I recently joined Pixelfed and, considering there’s no algorithm, hashtags are the only way to be discovered.

I hate hashtag optimizing, but I also don’t want to upload my image to someone else’s random server before posting it to pixelfed, just to generate hashtags. Where should I look to find something I can host myself, or even something that runs natively on Android/Linux, that’ll generate hashtags/keywords for an image?

  • giyila7033@sh.itjust.works
    link
    fedilink
    English
    arrow-up
    4
    arrow-down
    1
    ·
    2 days ago

    Ugh, hashtag optimizing is soul-sucking, but you do not need to hand your photos to some random web service to get tags. Run a tiny image-caption/tagging model locally and convert the results into hashtags. My go-to is clip-interrogator, it runs on your own machine, spits out concise keywords and prompt-like descriptions, and is literally made to extract useful phrases from images. Github: https://github.com/pharmapsychotic/clip-interrogator

    If you want something more generic, use BLIP (Salesforce) image captioning via Hugging Face, e.g. the Salesforce/blip-image-captioning models. Install with pip, run the model to get a caption, then use a simple POS filter or spaCy to pull nouns/adjectives and prefix them with #. That workflow is trivial to script and keeps everything local. Models will run on CPU but are far faster with a GPU.

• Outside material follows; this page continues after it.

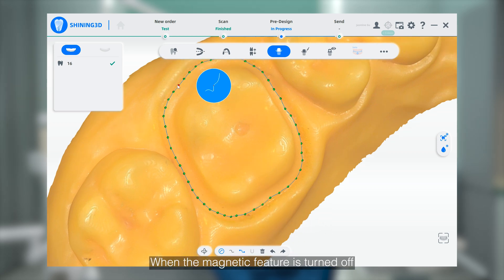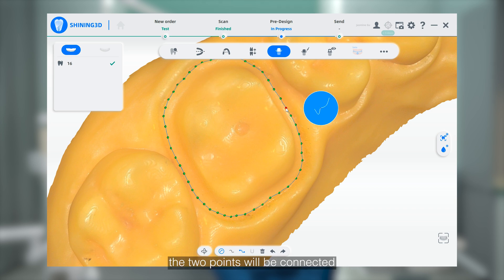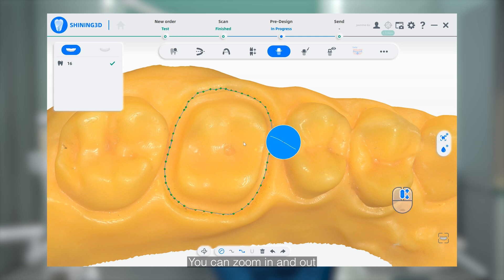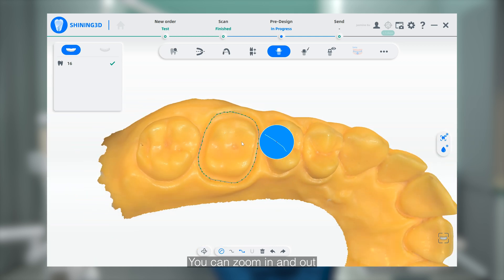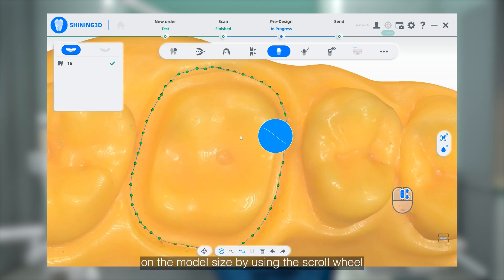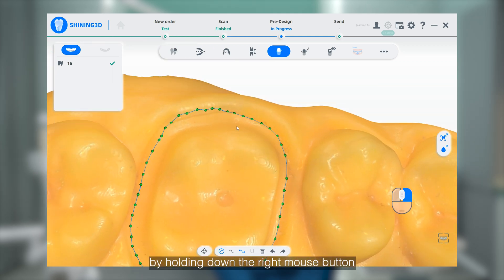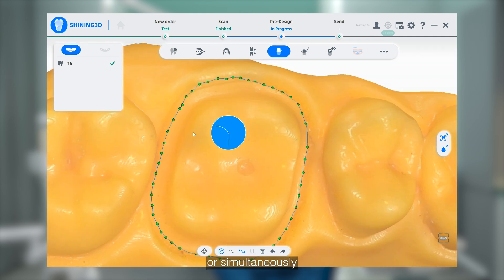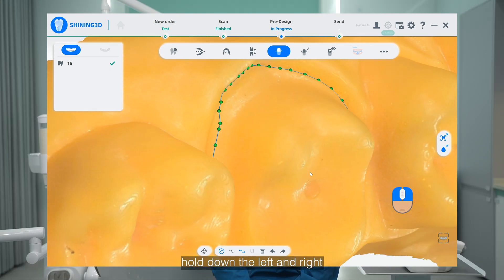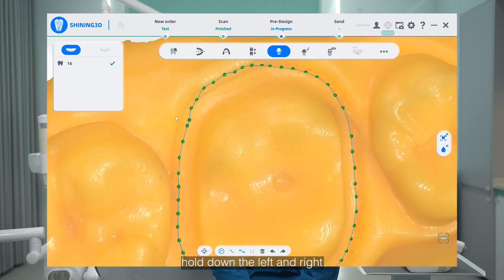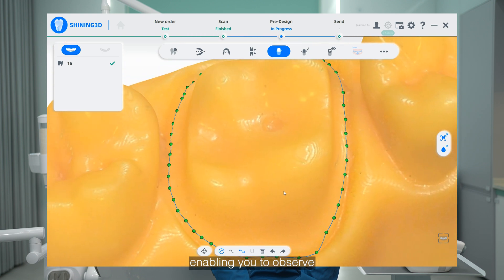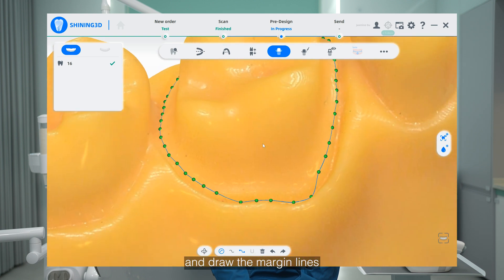When the Magnet feature is turned off, the two points will be connected by a straight line. You can zoom in and out on the model's sides by using the scroll wheel, rotate the model by holding down the right mouse button, or simultaneously hold down the left and right mouse buttons to translate the model, enabling you to view all portions and draw the Marginal lines.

    If you absolutely need Android, use Termux and a lightweight model or run the model on a tiny home server and call it from your phone, do not upload to third-party servers. For anime art, DeepDanbooru is the standard local tagger. For everything else, clip-interrogator + a tiny post-processing script is your best bet.

    Honestly, stop treating hashtags like SEO black magic, generate sensible descriptive tags locally, and move on with your life. If you want, I can paste a minimal Python snippet that takes an image, runs BLIP or clip-interrogator, and outputs a ready-to-paste list of hashtags. Which model do you want to try, BLIP or clip-interrogator?